== BRIEF ==
The entries are given below. Output each one unchanged.
***** DATASET ENTRIES
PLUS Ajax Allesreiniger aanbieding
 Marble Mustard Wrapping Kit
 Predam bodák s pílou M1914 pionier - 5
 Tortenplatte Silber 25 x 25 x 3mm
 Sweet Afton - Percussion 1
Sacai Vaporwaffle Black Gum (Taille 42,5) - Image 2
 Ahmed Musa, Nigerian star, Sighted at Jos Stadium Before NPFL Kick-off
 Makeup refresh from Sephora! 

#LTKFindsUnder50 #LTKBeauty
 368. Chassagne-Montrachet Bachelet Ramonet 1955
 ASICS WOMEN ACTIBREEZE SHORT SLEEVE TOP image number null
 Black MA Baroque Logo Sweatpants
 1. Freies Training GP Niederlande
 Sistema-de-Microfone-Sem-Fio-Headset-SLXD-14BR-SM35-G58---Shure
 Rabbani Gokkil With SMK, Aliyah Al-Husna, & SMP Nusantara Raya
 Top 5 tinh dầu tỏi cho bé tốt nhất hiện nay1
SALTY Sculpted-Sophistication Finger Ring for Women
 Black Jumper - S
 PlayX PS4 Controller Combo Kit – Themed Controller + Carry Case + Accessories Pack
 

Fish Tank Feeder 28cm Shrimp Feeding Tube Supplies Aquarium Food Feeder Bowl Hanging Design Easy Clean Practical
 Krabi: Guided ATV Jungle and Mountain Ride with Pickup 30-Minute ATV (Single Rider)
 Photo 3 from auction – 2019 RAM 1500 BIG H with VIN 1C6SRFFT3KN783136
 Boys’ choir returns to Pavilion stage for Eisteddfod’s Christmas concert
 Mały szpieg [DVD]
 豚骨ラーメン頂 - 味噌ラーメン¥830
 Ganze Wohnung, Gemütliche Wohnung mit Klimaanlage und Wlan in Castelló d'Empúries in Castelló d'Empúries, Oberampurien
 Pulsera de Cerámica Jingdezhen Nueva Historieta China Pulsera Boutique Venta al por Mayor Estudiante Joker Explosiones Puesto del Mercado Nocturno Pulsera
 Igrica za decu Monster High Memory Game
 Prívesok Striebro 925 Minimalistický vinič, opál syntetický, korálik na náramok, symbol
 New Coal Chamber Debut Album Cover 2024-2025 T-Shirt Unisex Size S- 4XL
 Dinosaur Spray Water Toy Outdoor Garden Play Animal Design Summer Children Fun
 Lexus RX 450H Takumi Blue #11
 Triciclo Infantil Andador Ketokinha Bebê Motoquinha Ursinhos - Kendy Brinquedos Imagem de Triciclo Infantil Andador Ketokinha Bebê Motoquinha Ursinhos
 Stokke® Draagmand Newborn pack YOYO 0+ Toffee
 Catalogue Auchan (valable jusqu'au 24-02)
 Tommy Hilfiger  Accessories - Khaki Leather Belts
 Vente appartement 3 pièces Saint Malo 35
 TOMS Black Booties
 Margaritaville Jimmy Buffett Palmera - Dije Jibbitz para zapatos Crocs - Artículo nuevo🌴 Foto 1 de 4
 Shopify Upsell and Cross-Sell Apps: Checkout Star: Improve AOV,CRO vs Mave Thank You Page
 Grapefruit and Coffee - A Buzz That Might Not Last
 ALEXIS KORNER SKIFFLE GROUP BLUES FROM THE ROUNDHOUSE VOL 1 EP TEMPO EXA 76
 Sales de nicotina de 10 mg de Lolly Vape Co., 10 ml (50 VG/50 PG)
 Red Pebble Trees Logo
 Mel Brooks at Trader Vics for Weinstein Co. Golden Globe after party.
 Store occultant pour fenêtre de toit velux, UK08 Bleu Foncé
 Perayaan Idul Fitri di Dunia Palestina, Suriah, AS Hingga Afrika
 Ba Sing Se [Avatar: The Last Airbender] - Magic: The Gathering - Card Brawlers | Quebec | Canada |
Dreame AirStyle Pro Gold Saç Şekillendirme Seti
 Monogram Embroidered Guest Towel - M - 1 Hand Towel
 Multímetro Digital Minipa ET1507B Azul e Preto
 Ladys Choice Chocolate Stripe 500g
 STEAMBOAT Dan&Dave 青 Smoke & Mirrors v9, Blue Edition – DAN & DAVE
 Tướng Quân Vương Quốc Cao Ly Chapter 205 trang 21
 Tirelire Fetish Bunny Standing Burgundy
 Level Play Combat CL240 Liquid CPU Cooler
**********
== SOLUTION FOR THIS EXERCISE ==
PLUS Ajax Allesreiniger aanbieding
 Marble Mustard Wrapping Kit
 Predam bodák s pílou M1914 pionier - 5
 Tortenplatte Silber 25 x 25 x 3mm
 Sweet Afton - Percussion 1
Sacai Vaporwaffle Black Gum (Taille 42,5) - Image 2
 Ahmed Musa, Nigerian star, Sighted at Jos Stadium Before NPFL Kick-off
 Makeup refresh from Sephora! 

#LTKFindsUnder50 #LTKBeauty
 368. Chassagne-Montrachet Bachelet Ramonet 1955
 ASICS WOMEN ACTIBREEZE SHORT SLEEVE TOP image number null
 Black MA Baroque Logo Sweatpants
 1. Freies Training GP Niederlande
 Sistema-de-Microfone-Sem-Fio-Headset-SLXD-14BR-SM35-G58---Shure
 Rabbani Gokkil With SMK, Aliyah Al-Husna, & SMP Nusantara Raya
 Top 5 tinh dầu tỏi cho bé tốt nhất hiện nay1
SALTY Sculpted-Sophistication Finger Ring for Women
 Black Jumper - S
 PlayX PS4 Controller Combo Kit – Themed Controller + Carry Case + Accessories Pack
 

Fish Tank Feeder 28cm Shrimp Feeding Tube Supplies Aquarium Food Feeder Bowl Hanging Design Easy Clean Practical
 Krabi: Guided ATV Jungle and Mountain Ride with Pickup 30-Minute ATV (Single Rider)
 Photo 3 from auction – 2019 RAM 1500 BIG H with VIN 1C6SRFFT3KN783136
 Boys’ choir returns to Pavilion stage for Eisteddfod’s Christmas concert
 Mały szpieg [DVD]
 豚骨ラーメン頂 - 味噌ラーメン¥830
 Ganze Wohnung, Gemütliche Wohnung mit Klimaanlage und Wlan in Castelló d'Empúries in Castelló d'Empúries, Oberampurien
 Pulsera de Cerámica Jingdezhen Nueva Historieta China Pulsera Boutique Venta al por Mayor Estudiante Joker Explosiones Puesto del Mercado Nocturno Pulsera
 Igrica za decu Monster High Memory Game
 Prívesok Striebro 925 Minimalistický vinič, opál syntetický, korálik na náramok, symbol
 New Coal Chamber Debut Album Cover 2024-2025 T-Shirt Unisex Size S- 4XL
 Dinosaur Spray Water Toy Outdoor Garden Play Animal Design Summer Children Fun
 Lexus RX 450H Takumi Blue #11
 Triciclo Infantil Andador Ketokinha Bebê Motoquinha Ursinhos - Kendy Brinquedos Imagem de Triciclo Infantil Andador Ketokinha Bebê Motoquinha Ursinhos
 Stokke® Draagmand Newborn pack YOYO 0+ Toffee
 Catalogue Auchan (valable jusqu'au 24-02)
 Tommy Hilfiger  Accessories - Khaki Leather Belts
 Vente appartement 3 pièces Saint Malo 35
 TOMS Black Booties
 Margaritaville Jimmy Buffett Palmera - Dije Jibbitz para zapatos Crocs - Artículo nuevo🌴 Foto 1 de 4
 Shopify Upsell and Cross-Sell Apps: Checkout Star: Improve AOV,CRO vs Mave Thank You Page
 Grapefruit and Coffee - A Buzz That Might Not Last
 ALEXIS KORNER SKIFFLE GROUP BLUES FROM THE ROUNDHOUSE VOL 1 EP TEMPO EXA 76
 Sales de nicotina de 10 mg de Lolly Vape Co., 10 ml (50 VG/50 PG)
 Red Pebble Trees Logo
 Mel Brooks at Trader Vics for Weinstein Co. Golden Globe after party.
 Store occultant pour fenêtre de toit velux, UK08 Bleu Foncé
 Perayaan Idul Fitri di Dunia Palestina, Suriah, AS Hingga Afrika
 Ba Sing Se [Avatar: The Last Airbender] - Magic: The Gathering - Card Brawlers | Quebec | Canada |
Dreame AirStyle Pro Gold Saç Şekillendirme Seti
 Monogram Embroidered Guest Towel - M - 1 Hand Towel
 Multímetro Digital Minipa ET1507B Azul e Preto
 Ladys Choice Chocolate Stripe 500g
 STEAMBOAT Dan&Dave 青 Smoke & Mirrors v9, Blue Edition – DAN & DAVE
 Tướng Quân Vương Quốc Cao Ly Chapter 205 trang 21
 Tirelire Fetish Bunny Standing Burgundy
 Level Play Combat CL240 Liquid CPU Cooler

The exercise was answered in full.